Keywords

1 Introduction

With the rapid increase of population and the development of urban and rural areas, the depth of land use has shown a trend of rapid expansion compared with the past. Nowadays, grasping and using the land information is the most necessary plan to be implemented by the state and governments, so as to make a more effective judgment and decision on China’s economic development plan. Besides, internationally, many countries have made use of remote sensing technology to manage land use and science, and have achieved successful experience.

With the rapid development of remote sensing technology, it has been widely used in many fields. In recent years, remote sensing image has been widely used in land use and land cover classification, which plays a crucial role in land resource management, urban planning, environmental protection, and other applications [1, 2]. With the development of remote sensing technology, Imaging satellites can provide by remote sensing data covered most of the surface of the earth, such as high-resolution remote sensing image has the characteristics of the “three highs” and can realize the day and in the aspect of earth observation, all-weather, real-time observation, for the land use and cover classification provides a new opportunity, namely how to make use of high-resolution remote sensing satellites for land use classification.

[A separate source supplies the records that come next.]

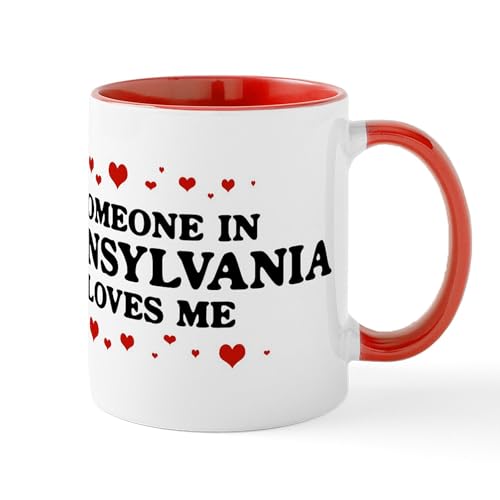 White/Red Inside - Loves Me In Pennsylvania Mug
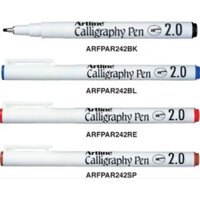 Combo 4 màu bút viết thư pháp Artline Calligraphy EK-242 - Chisel tip 2.0mm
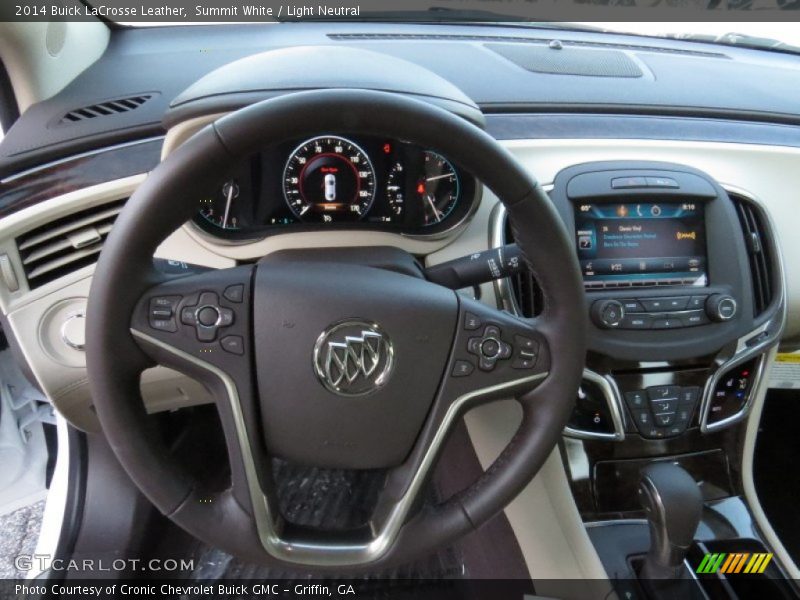 Summit White / Light Neutral 2014 Buick LaCrosse Leather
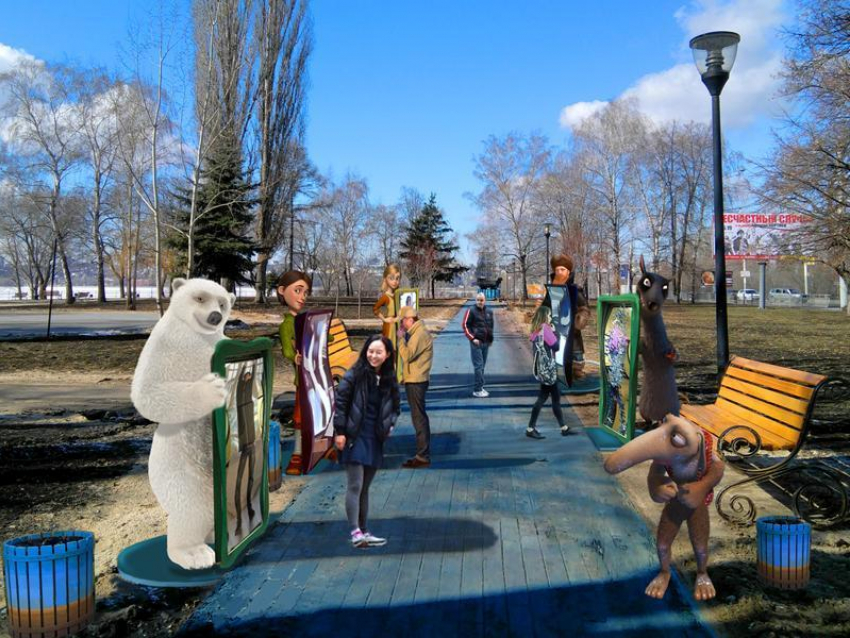 Улицы Воронежа предложили украсить мультяшными персонажами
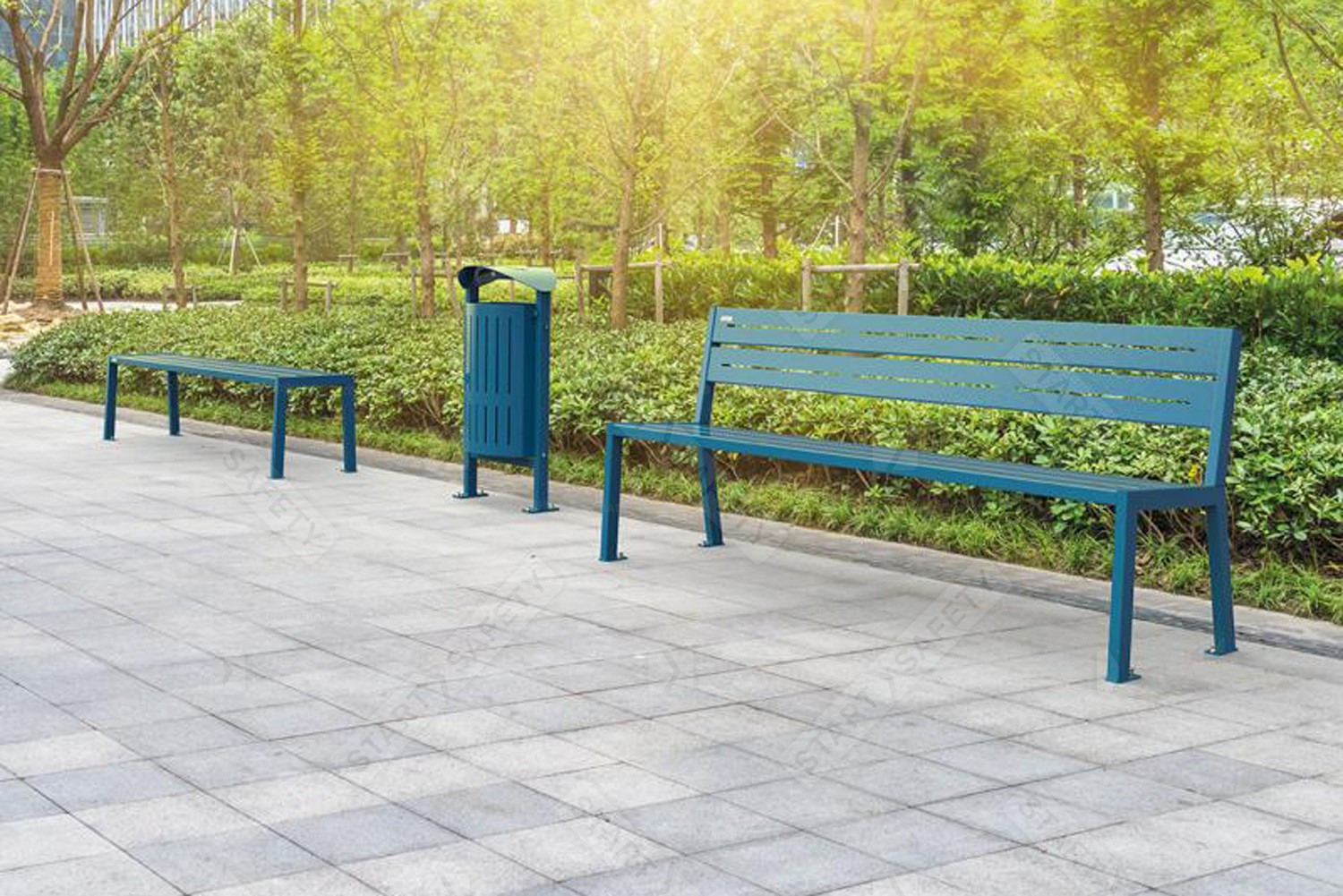 Procity Estoril Bench Collection Installed in Park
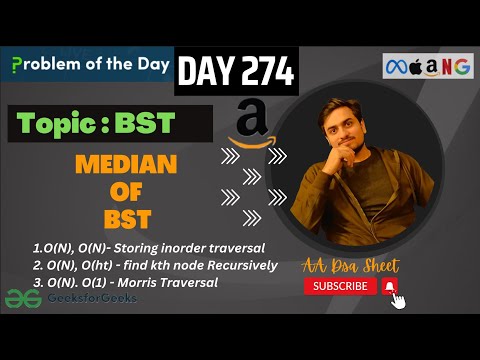 Median of BST | JAVA | C++ | DSA SHEET | GFG POTD DAY- 275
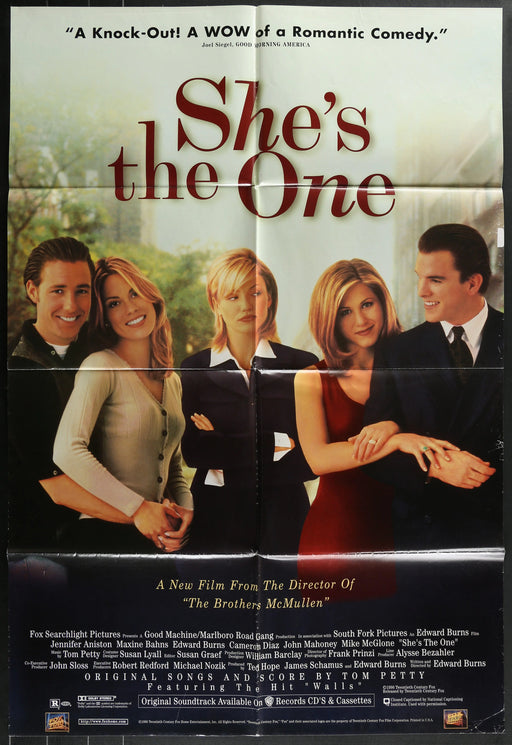 She’s the One (1996) Original Movie Poster Folded 27x40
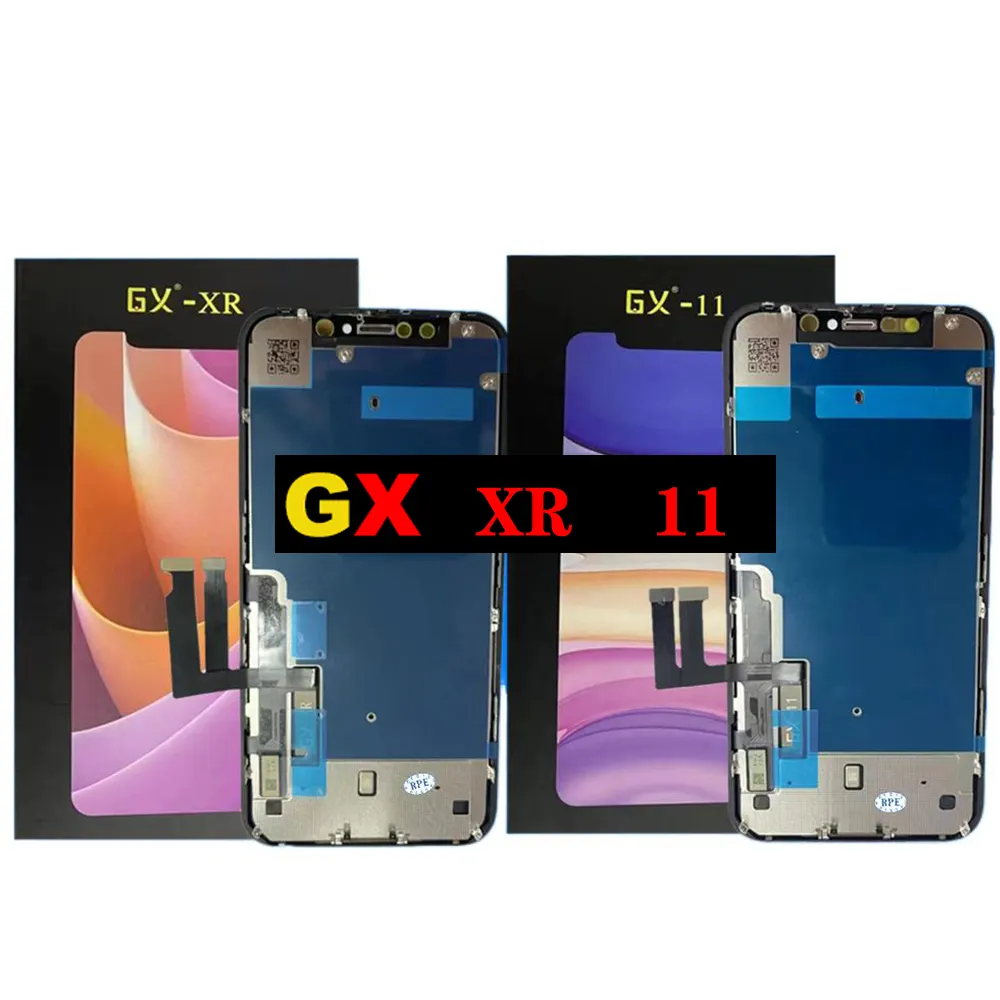 עבור iphone 11 GX lcd מסך GX עבור iphone x xs xs מקסימום 11 פרו 12 פרו 13 14 lcd תצוגה עבור iphone XR GX תצוגה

At present, the most commonly used image classification techniques are pixel-based and object-oriented classification methods. However, due to the lack of spectral information of high-resolution images and the phenomenon of “same thing different spectrum, same spectrum foreign matter”, image classification is affected, and the pixel-based classification method cannot be well applied. The object-oriented classification method has obvious advantages in the consideration of spectrum, space, texture and context information, so as to improve the classification accuracy and make the extraction more intuitive for the analysis of the problem. Therefore, this method has attracted wide attention. For example, Meng et al. [3] proposed an object-oriented method to extract urban ecological land cover from the multi-channel images obtained by China’s GF-1 satellite. This method can accurately identify the urban land cover with a verification accuracy of 90%. Yu et al. [4] used object-oriented information extraction technology, multi-temporal hj-1a image and other auxiliary data to extract the main land use/land cover types in the research area. Compared with the pixel-based classification method, Yu et al. research results have higher accuracy. Jesus et al. [5] combined object-oriented and pixel-based methods to extract land cover information in the mountains of Mexico. What’s more, Wang et al. [6] used object-oriented classification method to test the feasibility and applicability of classifying ecologically sound land, and the overall classification accuracy of Wang et al.’s results was 87.43%. Cahairet et al. [7] used SVM classifier to carry out land cover supervision and classification in Gabes region located in the southeast of Tunisia, with an accuracy of 92.12%. In addition, Shi et al. [8] using satellite remote sensing technology to analyze and study high -resolution remote sensing images are helpful to the effective supervision of urban land use. This paper studies part of Yangshuo county, uses ENVI5.3 platform in object-oriented spatial feature extraction module Example-Based-Feature-Extraction tools to carry out research under Guilin area land cover classification information extraction technology. The advantages of FX include fast, repeatable, accurate, convenient, and accessible, which is suitable for experimental research on object-oriented classification.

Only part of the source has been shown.